Die Frage, wie man am besten mit Trauer umgeht, kann nicht pauschal beantwortet werden. Wichtig ist für den Trauernden da zu sein und konkrete Hilfe anzubieten. Essen vorbeibringen, Zuhören, Aufgaben abnehmen, spazieren gehen – all das kann Menschen in der schweren Phase der Trauer unterstützen und hilft Ihnen auf dem Weg zurück in den Alltag. Wenn einem als Angehöriger die Worte fehlen, gibt es eine Reihe an Trost spendenden Beileidssprüchen. Eine persönliche Trauerkarte zu schreiben, ist eine würdevolle Art sein Beileid zu bekunden. Als Trauernder selbst gibt es verschiedene Möglichkeiten den Verstorbenen einen Platz des Gedenkens im Alltag einzurichten. Z.B. durch das Aufstellen von Fotos, das Anzünden einer Kerze oder beim Hören der Lieblingsmusik.

Trauerbegleiter und Trauertherapeuten

Bei Gesprächen mit anderen Angehörigen oder professionellen Trauerbegleitern, Selbsthilfegruppen oder Trauertherapeuten haben Trauernde die Möglichkeit zu lernen mit Trauer umzugehen und loszulassen. Ziel ist es, nach vorne schauen zu können und bewusst Abschied zu nehmen.
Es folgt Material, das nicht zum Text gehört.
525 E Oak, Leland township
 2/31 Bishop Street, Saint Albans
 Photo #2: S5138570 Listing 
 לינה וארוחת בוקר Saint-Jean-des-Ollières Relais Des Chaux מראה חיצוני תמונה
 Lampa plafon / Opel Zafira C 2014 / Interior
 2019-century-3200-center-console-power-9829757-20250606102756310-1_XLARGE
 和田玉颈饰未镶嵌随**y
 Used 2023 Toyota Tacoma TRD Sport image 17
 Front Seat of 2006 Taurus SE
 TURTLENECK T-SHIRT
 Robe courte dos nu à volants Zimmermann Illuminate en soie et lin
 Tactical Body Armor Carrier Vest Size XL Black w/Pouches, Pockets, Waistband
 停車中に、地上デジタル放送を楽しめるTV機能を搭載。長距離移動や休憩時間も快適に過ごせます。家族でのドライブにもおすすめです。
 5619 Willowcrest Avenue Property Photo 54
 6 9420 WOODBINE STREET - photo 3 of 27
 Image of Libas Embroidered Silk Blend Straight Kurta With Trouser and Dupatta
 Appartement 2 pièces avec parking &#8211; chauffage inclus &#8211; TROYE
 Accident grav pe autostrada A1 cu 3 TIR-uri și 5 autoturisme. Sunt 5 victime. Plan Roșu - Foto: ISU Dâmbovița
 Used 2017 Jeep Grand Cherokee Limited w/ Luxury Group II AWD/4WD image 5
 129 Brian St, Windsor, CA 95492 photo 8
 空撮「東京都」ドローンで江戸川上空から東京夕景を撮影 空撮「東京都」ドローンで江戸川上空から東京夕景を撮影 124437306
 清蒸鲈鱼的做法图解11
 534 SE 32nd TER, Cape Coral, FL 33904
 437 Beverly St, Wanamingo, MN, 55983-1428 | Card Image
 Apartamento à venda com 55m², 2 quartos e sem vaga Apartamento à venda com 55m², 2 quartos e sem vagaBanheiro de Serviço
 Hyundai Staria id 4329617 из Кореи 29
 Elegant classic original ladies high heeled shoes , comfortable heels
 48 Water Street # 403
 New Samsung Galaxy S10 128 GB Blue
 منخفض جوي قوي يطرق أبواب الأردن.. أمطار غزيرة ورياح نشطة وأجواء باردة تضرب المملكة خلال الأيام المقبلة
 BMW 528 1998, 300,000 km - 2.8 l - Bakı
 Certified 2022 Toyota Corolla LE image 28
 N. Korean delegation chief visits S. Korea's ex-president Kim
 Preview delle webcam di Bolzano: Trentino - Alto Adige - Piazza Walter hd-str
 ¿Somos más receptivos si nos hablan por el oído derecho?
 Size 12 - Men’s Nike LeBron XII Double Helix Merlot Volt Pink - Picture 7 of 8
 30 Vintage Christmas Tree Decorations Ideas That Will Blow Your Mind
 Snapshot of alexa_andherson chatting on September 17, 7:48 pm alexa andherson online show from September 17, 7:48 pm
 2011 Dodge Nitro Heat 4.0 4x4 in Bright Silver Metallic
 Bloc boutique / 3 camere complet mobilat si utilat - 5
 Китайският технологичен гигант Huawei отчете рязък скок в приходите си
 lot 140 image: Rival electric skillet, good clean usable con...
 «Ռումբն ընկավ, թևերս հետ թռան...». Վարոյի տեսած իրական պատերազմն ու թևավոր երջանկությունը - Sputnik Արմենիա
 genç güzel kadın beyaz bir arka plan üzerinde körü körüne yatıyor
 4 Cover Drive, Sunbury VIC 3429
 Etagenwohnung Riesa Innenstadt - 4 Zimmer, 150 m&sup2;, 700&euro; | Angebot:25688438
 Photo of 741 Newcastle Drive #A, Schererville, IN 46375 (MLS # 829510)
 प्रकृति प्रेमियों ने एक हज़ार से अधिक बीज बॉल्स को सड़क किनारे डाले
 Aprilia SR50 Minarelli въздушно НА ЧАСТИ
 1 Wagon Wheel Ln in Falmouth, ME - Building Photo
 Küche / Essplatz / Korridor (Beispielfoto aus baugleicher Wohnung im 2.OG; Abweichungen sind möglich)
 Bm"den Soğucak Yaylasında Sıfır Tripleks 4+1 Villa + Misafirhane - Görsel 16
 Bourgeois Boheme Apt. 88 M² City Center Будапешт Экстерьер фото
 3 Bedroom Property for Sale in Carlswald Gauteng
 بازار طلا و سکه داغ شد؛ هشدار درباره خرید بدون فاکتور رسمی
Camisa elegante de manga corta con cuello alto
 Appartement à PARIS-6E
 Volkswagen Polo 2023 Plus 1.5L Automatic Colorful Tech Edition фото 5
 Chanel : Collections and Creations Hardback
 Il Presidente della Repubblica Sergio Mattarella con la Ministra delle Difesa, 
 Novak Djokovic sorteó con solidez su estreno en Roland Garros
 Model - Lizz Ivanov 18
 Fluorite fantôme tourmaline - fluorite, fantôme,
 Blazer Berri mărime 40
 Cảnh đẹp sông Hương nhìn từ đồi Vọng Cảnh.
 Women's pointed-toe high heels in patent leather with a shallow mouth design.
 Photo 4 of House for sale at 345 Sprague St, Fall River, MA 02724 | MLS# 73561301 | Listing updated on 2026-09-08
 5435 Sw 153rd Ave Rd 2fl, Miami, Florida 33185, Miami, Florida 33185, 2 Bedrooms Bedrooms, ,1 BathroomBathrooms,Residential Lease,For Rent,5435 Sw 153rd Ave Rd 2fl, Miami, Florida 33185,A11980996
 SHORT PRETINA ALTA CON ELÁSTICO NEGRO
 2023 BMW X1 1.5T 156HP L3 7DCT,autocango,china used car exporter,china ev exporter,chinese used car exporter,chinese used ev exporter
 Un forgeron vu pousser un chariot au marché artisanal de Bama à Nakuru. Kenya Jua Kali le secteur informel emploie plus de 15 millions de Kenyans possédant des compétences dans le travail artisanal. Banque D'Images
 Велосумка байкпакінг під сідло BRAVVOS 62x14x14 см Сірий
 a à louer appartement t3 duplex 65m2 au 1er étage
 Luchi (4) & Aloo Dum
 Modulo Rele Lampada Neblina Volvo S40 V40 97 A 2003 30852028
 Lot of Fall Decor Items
Ob die persönlichen Gespräche mit einem Psychologen in einer Trauertherapie oder der Austausch mit anderen Trauernden in einer Trauergruppe das Richtige für einen sind, ist ganz individuell. Jeder Moment, in dem an den Toten gedacht wird und sein Verlust gespürt wird, kann bei der Verarbeitung helfen. In der Trauertherapie gibt es kein richtig oder falsch. Nur die Betroffene Person selbst, kann und soll bestimmen, wie und mit wem sie ihre Trauer teilen möchte.